Kämpfend die Welt verändern
Nino Bolkvadze Quote
©  Friedrich-Naumann-Stiftung für die Freiheit

Für Nino Bolkvadze, eine Anwältin, LGBT-Aktivistin und die erste offen lesbische Person, die in Georgien bei einer Wahl aufgestellt wurde, wurde die Bedeutung der Regenbogenflagge - ein Leben in Farben und Lebensfreude - deutlich, als sie 2015 im georgischen Staatsfernsehen ihr Coming-out hatte. Bolkvadze bezeichnet ihre Entscheidung öffentlich über ihr Privatleben zu sprechen, nicht als Rache an der georgischen Gesellschaft, sondern als Revanche, als die Wiedererlangung verlorenen Territoriums. Aufgewachsen zwischen Stadt und Land, heiratete sie im Alter von 16 Jahren und ist heute eine erfolgreiche Anwältin mit zwei Kindern im Teenageralter. Nino brauchte 20 Jahre, um zu sich selbst zu finden.

Nino Bolkvadze Quote
Friedrich-Naumann-Stiftung für die Freiheit

Aufgewachsen zwischen der georgischen Hauptstadt Tiflis und in der Provinz, wurde Ninos Kindheit vom tumultartigen Weg des Landes zur Demokratie begleitet. Als Kind fand sie Zuflucht in Büchern, Geschichten und Literatur, die auch heute noch ihre schöpferischen Aktivitäten beeinflussen. Sie verspürte oft den Drang, andere zu retten, einschließlich ihres Vaters, der durch das sowjetische Strafvollzugssystem tiefgreifend verändert wurde.
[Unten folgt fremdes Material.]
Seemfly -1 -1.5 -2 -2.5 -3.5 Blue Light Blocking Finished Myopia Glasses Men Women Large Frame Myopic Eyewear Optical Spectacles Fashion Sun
Aber Nino musste zuerst ihre eigenen Kämpfe bestehen. Im Alter von 15 Jahren verliebte sie sich in eine neue Klassenkameradin. Es gab einen Skandal. Die Eltern des Mädchens gaben das Mädchen auf eine neue Schule, während Nino die Schule wechseln musste. Sie heiratete früh im Leben, versuchte ihr wahres Selbst aufzugeben und hoffte, „geheilt“ zu werden. Solche Kämpfe sind kaum überraschend in einer stockkonservativen Gesellschaft, in der „die Schwere und Häufigkeit von Hassverbrechen gegen LGBT-Menschen trotz der Fortschritte der letzten Jahre eine Herausforderung bleiben“, so die FNF. In Bezug auf die Menschenrechte verfügt Georgien über eine recht fortschrittliche Gesetzgebung, deren Umsetzung jedoch immer noch problematisch ist.

„Ein Coming-out bringt natürlich Schwierigkeiten mit sich, aber sie sind nicht vergleichbar mit dem Einknicken - das ist keine Lösung.“

Nino Bolkvadze

Ninos Leben änderte sich nach den Ereignissen vom 17. Mai 2013, als die friedliche Versammlung der LGBT-Community von gewalttätigen Gegendemonstranten angegriffen wurde. Dies führte dazu, dass sie sich nicht länger verstecken konnte. Sie gibt zu, dass nicht jeder sich zu seiner sexuellen Orientierung bekennen kann - sie sollten dies erst tun, wenn sie dazu bereit wären und ihre eigene Sicherheit gewährleistet sei.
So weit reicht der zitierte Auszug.